View Source Explorer.Remote (Explorer v0.10.0)

A module responsible for placing remote dataframes and garbage collect them.

The functions in Explorer.DataFrame and Explorer.Series will automatically move operations on remote dataframes to the nodes they belong to. Explorer also integrates with FLAME and automatically tracks remote dataframes and series returned from FLAME calls when the :track_resources option is enabled.

This module provides additional conveniences for manual placement.

Implementation details

In order to understand what this module does, we need to understand the challenges in working with remote series and dataframes.

Series and dataframes are actually NIF resources: they are pointers to blobs of memory operated by low-level libraries. Those are represented in Erlang/Elixir as references (the same as the one returned by make_ref/0). Once the reference is garbage collected (based on refcounting), those NIF resources are garbage collected and the memory is reclaimed.

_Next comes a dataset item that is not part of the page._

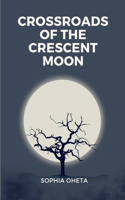 Crossroads of the Crescent Moon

When using Distributed Erlang, you may write this code:

remote_series = :erpc.call(node, Explorer.Series, :from_list, [[1, 2, 3]])

However, the code above will not work, because the series will be allocated in the remote node and the remote node won't hold a reference to said series! This means the series is garbage collected and if we attempt to read it later on, from the caller node, it will no longer exist. Therefore, we must explicitly place these resources in remote nodes by spawning processes to hold these references. That's what the place/2 function in this module does.

We also need to guarantee these resources are not kept forever by these remote nodes, so place/2 creates a local NIF resource that notifies the remote resources they have been GCed, effectively implementing a remote garbage collector.

Summary

Functions

Receives a data structure and traverses it looking for remote dataframes and series.

Functions

Receives a data structure and traverses it looking for remote dataframes and series.

If any is found, it spawns a process on the remote node and sets up a distributed garbage collector. This function only traverses maps, lists, and tuples, it does not support arbitrary structs (such as map sets).

It returns the updated term and a list of remote PIDs spawned.